Wednesday, June 5, 2013

Reintegration: The Reality of Reverse Culture Shock

Three years ago, I was hacking away at life through the haze of reverse culture shock, sometimes teetering on the brink of depression.  Someone mentioned reverse culture shock briefly at the study abroad orientation, but I laughed it off.  After I lived in a foreign country for 5 months, I was going to be HAPPY to be home.

False.

I got off the plane in May, and maybe around Halloween, I finally looked at life and felt like I could be completely happy.  It took almost as long as I had been abroad to finally fully reintegrate into my native culture.  Part of the problem is I had little awareness of the potential issues and no way to successfully work through it.  Also, I just really love Poland and I knew my heart would always be yearning to return.

After one year abroad, the idea of flying home and going through those feelings again is terrifying.  Adapting to Poland was super easy in 2010 and moderately difficult this time, but going home wasn't fun or exciting.  It felt difficult, predictable, and sometimes dull.  

A very good friend gave me one of the best analogies for understanding culture acquisition. Your native culture is blue and the foreign culture is yellow. When you first get to the foreign culture, you stick out a lot.
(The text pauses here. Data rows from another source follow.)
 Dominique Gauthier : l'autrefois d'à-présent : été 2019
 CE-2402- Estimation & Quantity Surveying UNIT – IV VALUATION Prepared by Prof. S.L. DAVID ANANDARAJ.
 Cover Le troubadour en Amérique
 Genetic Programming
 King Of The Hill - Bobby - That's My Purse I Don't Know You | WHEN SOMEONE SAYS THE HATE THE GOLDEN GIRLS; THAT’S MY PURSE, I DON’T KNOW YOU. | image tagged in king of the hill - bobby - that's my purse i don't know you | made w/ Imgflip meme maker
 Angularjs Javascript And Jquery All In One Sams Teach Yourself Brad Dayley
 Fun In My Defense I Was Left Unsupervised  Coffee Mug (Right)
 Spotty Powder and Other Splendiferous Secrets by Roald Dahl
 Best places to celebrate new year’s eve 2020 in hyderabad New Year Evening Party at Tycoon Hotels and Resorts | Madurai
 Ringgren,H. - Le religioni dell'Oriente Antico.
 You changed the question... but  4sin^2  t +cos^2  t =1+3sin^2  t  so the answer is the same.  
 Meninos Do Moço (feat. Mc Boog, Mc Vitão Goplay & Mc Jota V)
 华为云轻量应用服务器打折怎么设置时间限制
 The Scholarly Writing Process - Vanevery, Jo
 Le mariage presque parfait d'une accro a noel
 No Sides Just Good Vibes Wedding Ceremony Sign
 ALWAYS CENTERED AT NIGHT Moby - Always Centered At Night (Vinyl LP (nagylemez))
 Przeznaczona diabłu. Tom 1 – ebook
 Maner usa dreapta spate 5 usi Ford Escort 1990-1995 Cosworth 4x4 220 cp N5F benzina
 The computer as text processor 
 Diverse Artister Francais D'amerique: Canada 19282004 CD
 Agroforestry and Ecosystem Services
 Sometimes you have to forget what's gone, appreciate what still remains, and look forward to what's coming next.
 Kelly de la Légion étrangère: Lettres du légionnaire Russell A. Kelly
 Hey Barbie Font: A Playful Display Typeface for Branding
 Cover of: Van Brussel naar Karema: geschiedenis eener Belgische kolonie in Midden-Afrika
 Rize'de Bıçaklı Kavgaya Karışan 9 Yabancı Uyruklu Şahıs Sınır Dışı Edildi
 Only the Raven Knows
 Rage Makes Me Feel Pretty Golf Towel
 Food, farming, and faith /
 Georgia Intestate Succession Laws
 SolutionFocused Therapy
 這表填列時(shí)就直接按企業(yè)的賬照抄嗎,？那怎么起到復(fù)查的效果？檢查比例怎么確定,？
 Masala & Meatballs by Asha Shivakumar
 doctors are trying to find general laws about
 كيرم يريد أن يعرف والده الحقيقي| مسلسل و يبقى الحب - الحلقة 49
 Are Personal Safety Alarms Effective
As time progresses, you adapt a little bit and add in your new home's behaviors, gradually becoming more yellow. However, your foundation is blue, so instead of becoming yellow you turn green. When you go back to your native country, everyone expects you to be blue still, and they don't understand green.

After spending a year and a half of my adult life in Poland (30%!), it's safe to say I've turned a bit green.  Perhaps even greener than I suspect in some ways.  I've adapted to Polish customer service, Polish restaurant timing, Polish menus, Polish trains, and the Babcia Stare.  I have no problem paying a few zloty for a public restroom, think nothing of men in speedos, and prefer butter on my sandwiches.  

So I offer a few tips to battle slash avoid the post-abroad blues.  These are from my experience in 2010, and what I anticipate facing in the next two months of my own life.  

  1. Be ready to give succinct, short answers.   Yes, your highschool/college/coworker friends missed you, but they're not interested in a half hour long spiel about the way a camel almost drooled on your half exposed calf as you road into a Saharan sunset.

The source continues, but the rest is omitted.